Thanks for the review! I'll post a new version shortly, with your
comments incorporated. More detailed response to a few of them below:
On 18/09/2020 10:41, Kyotaro Horiguchi wrote:
> I don't think filemap_finalize needs to iterate over filemap twice.
True, but I thought it's more clear that way, doing one thing at a time.
> hash_string_pointer is a copy of that of pg_verifybackup.c. Is it
> worth having in hashfn.h or .c?
I think it's fine for now. Maybe in the future if more copies crop up.
>> --- a/src/bin/pg_rewind/pg_rewind.c
>> +++ b/src/bin/pg_rewind/pg_rewind.c
>> ...
>> + filemap_t *filemap;
>> ..
>> + filemap_init();
>> ...
>> + filemap = filemap_finalize();
>
> I'm a bit confused by this, and realized that what filemap_init
> initializes is *not* the filemap, but the filehash. So for example,
> the name of the functions might should be something like this?
>
> filehash_init()
> filemap = filehash_finalyze()/create_filemap()
My thinking was that filemap_* is the prefix for the operations in
filemap.c, hence filemap_init(). I can see the confusion, though, and I
think you're right that renaming would be good. I renamed them to
filehash_init(), and decide_file_actions(). I think those names make the
calling code in pg_rewind.c quite clear.
>> /*
>> * Also check that full_page_writes is enabled. We can get torn pages if
>> * a page is modified while we read it with pg_read_binary_file(), and we
>> * rely on full page images to fix them.
>> */
>> str = run_simple_query(conn, "SHOW full_page_writes");
>> if (strcmp(str, "on") != 0)
>> pg_fatal("full_page_writes must be enabled in the source server");
>> pg_free(str);
>
> This is a part not changed by this patch set. But If we allow to
> connect to a standby, this check can be tricked by setting off on the
> primary and "on" on the standby (FWIW, though). Some protection
> measure might be necessary.
Good point, the value in the primary is what matters. In fact, even when
connected to the primary, the value might change while pg_rewind is
running. I'm not sure how we could tighten that up.
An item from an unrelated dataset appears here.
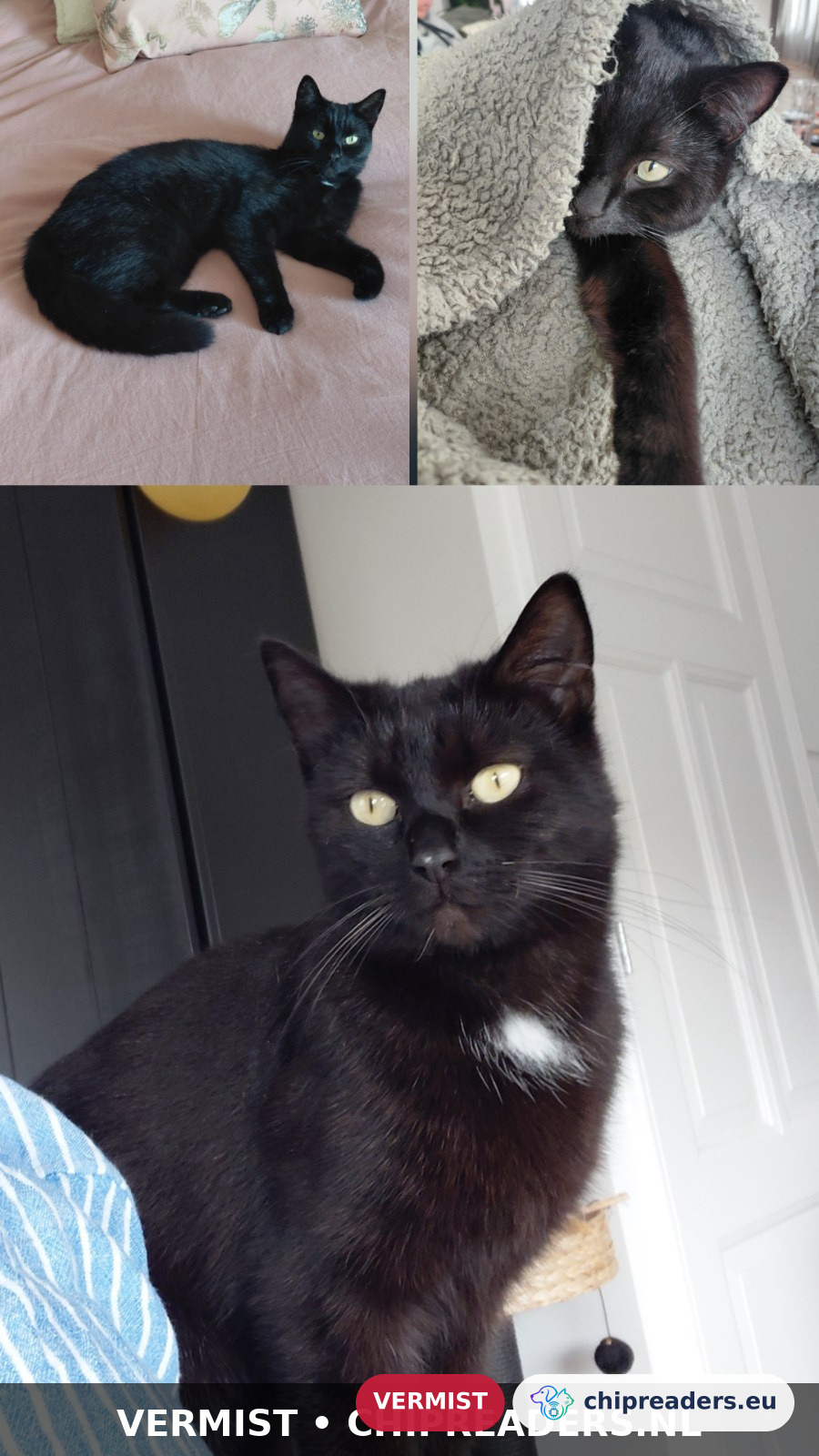 Luna, Kat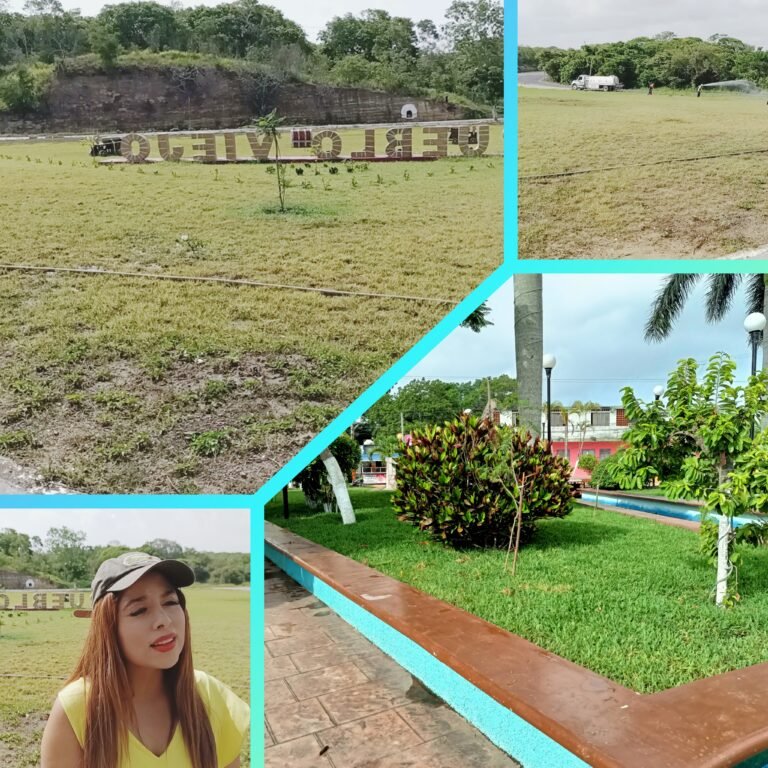 DAN MANTENIMIENTO A PARQUES Y JARDINES DE PUEBLO VIEJO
> + if (chunksize > rq->length)
> + {
> + pg_fatal("received more than requested for file \"%s\"",
> + rq->path);
> + /* receiving less is OK, though */
>
> Don't we need to truncate the target file, though?
If a file is truncated in the source while pg_rewind is running, there
should be a WAL record about the truncation that gets replayed when you
start the server after pg_rewind has finished. We could truncate the
file if we wanted to, but it's not necessary. I'll add a comment.
- Heikki